Yeah, the electoral college has got to go.

Of course, that would take nothing less than a constitutional amendment, and there are way too many people who take advantage of the system that would be unwilling to risk losing any perceived advantage to let it go easily.  And to what end, then?  Parlimentary systems such as a  common in Europe are easily just as easily screwed with.  A direct vote would actually be worse for voter fraud in the US than is common today, and a great many people would still agree with the original reasons for having an electoral college, namely as a means for the political class to insure against an ignorant electorate making a horrible choice.

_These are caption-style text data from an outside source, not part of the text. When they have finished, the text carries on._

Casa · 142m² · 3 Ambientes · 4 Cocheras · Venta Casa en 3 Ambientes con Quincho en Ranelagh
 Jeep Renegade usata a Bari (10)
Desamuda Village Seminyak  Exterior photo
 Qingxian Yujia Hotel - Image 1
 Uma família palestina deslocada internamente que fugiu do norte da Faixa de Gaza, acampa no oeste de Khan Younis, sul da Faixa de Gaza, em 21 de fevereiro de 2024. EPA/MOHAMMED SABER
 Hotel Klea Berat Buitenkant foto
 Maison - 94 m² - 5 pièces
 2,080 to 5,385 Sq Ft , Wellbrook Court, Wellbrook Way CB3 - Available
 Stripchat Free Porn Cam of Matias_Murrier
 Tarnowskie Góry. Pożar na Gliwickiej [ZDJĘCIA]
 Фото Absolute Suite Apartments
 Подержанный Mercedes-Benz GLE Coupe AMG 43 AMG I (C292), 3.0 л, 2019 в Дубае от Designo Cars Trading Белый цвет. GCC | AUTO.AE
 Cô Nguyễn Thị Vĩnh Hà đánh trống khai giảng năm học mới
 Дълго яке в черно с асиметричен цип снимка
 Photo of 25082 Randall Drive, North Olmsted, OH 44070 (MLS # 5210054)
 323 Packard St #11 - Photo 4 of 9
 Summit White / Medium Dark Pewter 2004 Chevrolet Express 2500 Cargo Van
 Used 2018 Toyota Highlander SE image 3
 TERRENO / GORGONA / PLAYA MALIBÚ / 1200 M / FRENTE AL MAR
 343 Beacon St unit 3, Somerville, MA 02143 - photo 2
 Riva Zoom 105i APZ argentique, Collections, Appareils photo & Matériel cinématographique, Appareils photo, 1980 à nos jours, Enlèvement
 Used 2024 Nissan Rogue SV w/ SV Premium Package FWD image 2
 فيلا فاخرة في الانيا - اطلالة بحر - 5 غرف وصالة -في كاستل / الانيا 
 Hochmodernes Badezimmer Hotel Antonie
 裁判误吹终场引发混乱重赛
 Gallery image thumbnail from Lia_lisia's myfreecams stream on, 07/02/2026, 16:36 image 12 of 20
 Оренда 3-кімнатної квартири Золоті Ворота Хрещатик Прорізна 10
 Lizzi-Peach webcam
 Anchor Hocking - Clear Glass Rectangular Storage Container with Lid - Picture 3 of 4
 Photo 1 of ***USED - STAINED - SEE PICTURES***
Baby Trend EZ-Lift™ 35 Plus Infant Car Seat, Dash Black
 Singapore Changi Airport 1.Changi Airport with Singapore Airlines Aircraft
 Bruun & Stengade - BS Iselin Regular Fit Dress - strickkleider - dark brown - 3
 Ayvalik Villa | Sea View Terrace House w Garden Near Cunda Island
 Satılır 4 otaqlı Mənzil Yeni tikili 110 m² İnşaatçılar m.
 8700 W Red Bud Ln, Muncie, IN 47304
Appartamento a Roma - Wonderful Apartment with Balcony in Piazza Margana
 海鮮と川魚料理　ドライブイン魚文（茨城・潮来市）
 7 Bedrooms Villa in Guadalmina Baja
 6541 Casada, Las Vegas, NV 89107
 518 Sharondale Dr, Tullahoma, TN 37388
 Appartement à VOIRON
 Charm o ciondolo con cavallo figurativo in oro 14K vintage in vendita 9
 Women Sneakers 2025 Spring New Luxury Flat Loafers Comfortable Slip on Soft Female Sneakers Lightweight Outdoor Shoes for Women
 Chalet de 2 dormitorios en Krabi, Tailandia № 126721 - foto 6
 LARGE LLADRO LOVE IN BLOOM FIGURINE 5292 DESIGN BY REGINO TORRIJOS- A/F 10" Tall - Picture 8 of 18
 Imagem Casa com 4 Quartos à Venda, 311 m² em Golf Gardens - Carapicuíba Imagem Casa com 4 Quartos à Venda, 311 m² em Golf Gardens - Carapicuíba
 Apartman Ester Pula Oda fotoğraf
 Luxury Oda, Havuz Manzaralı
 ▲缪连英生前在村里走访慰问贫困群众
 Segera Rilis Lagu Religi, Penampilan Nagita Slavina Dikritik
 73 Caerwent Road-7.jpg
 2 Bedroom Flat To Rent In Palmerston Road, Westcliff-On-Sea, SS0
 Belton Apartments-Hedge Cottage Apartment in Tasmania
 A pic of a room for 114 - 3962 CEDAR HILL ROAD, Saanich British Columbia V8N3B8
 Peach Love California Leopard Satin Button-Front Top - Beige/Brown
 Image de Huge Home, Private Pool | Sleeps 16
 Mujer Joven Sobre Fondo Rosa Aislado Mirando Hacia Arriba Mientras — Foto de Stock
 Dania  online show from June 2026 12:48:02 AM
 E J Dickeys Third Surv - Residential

"The powers of financial capitalism had another far-reaching aim, nothing less than to create a world system of financial control in private hands able to dominate the political system of each country and the economy of the world as a whole. This system was to be controlled in a feudalist fashion by the central banks of the world acting in concert, by secret agreements arrived at in frequent meetings and conferences. The apex of the systems was to be the Bank for International Settlements in Basel, Switzerland, a private bank owned and controlled by the world's central banks which were themselves private corporations. Each central bank...sought to dominate its government by its ability to control Treasury loans, to manipulate foreign exchanges, to influence the level of economic activity in the country, and to influence cooperative politicians by subsequent economic rewards in the business world."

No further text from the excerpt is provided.